A foto, devidamente revalorizada - ela já era conhecida e até mesmo figurava em livros -, repõe perguntas que não param de fazer sentido, de cobrar sentido. Em particular aquela que quer saber sobre a condição étnica do grande escritor. Machado afinal era negro? Se considerava negro? Militou a favor da abolição? Escreveu sobre a condição dos negros? Se omitiu?

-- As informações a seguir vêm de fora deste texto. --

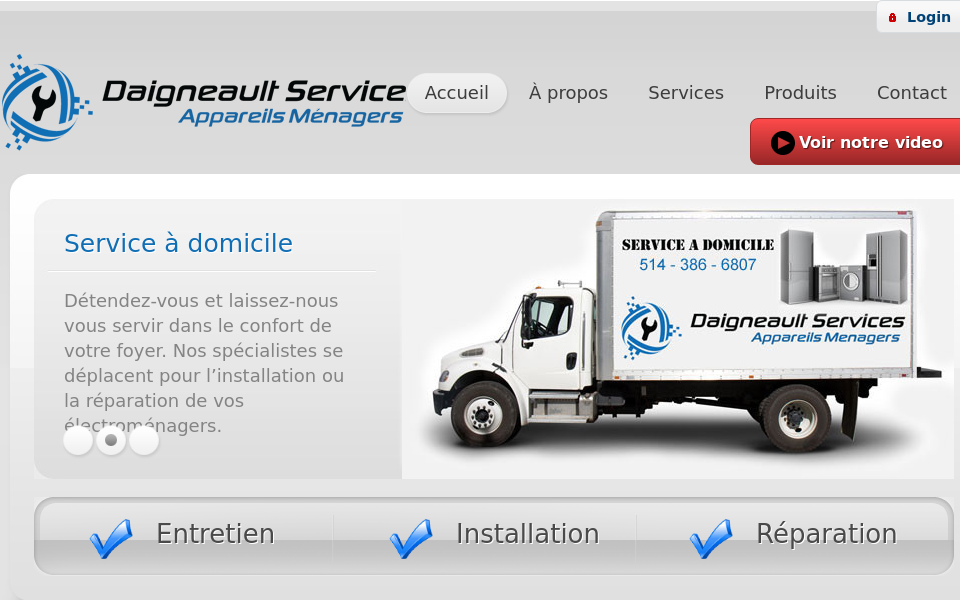 daigneaultservice.com/ screen capture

Filho de um afrobrasileiro livre (e neto de escravos alforriados) e de uma açoriana pobre, imigrada ainda menina ao Brasil, Machado nasceu com a escravidão em plena força legal e econômica, no Rio de Janeiro, cidade que figura entre as três maiores de todo o mundo a contar com escravidão urbana em seu tempo. O futuro escritor nunca foi escravo, mas terá convivido cotidianamente com escravos, na casa-grande de sua madrinha, onde nasceu e cresceu, ou na rua. Tinha quase 50 anos quando acabou a escravidão, tendo assim visto ao vivo os efeitos das leis abolicionistas como a Eusébio de Queirós, 1850, que acabou com o tráfico legal, e a do Ventre Livre, de 1871.

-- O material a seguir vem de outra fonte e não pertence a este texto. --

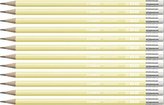 Grafitová tužka s gumou "Swano Pastel", žlutá, HB, šestihranná, STABILO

Tendo na pele alguma tonalidade escura, que as fotos revelam e às vezes velam, terá sido alguma vez confundido com mulatos escravos? Não deixou isso escrito. Ele, que nos legou uma riqueza infinita de alguns milhares de páginas, em romances, contos, crônicas, poemas, críticas, silenciou sobre algum eventual sofrimento dessa ordem. Por quê?
Por que não fez de algum negro um protagonista de romance? Por que esperou a Abolição ter 10 anos já para lançar em livro um conto com o drama concreto de uma escrava, O Caso da Vara (a menina Lucrécia, 11 anos, bordadeira, "negrinha, magricela, um frangalho de nada, com uma cicatriz na testa e uma queimadura na mão esquerda"), que ao fim da história vai ser mais uma vez torturada? Por que apenas em 1906, a quase duas décadas da lei Áurea, é que apresentou ao mundo um conto espetacular e escabroso em sua violência contra os escravos, chamado Pai Contra Mãe?

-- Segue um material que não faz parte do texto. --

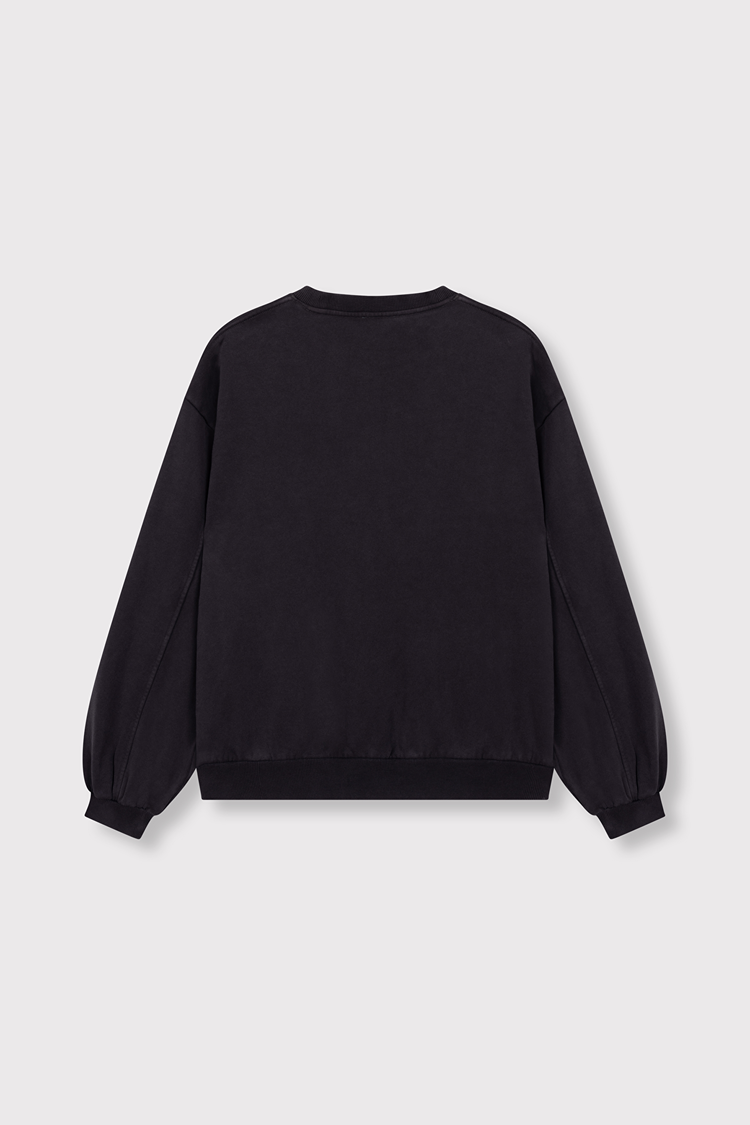 Alix the label Knitted Eagle Sweater - Charcoal Grey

Por que, nas crônicas que acompanham o cotidiano da sociedade brasileira, abordou a condição dos escravos e a luta abolicionista de modo tão enviesado? Por que escolheu a dura, travada e complexa ironia para escrever a famosa crônica de 19 de maio de 88, em que, dando voz a um personagem hipócrita, mostra que a Abolição não alterou quase nada do cotidiano de brutal opressão a que os escravos eram submetidos?
Perguntas sem resposta. Tendo experimentado uma ascensão social raríssima - de filho da pobreza a escritor aclamado como o maior de seu país já em vida, em posição social bastante confortável devida a seu trabalho na alta burocracia federal brasileira -, Machado sempre preferiu ser discreto, sutil ou mesmo ausente no debate público sobre a escravidão. O que não significa que a tenha apoiado, em qualquer momento. Por outro lado, parece certo que não tinha simpatias pela República e tinha afinidades com a monarquia; e ocorre que Abolição e República estavam de mãos dadas, então.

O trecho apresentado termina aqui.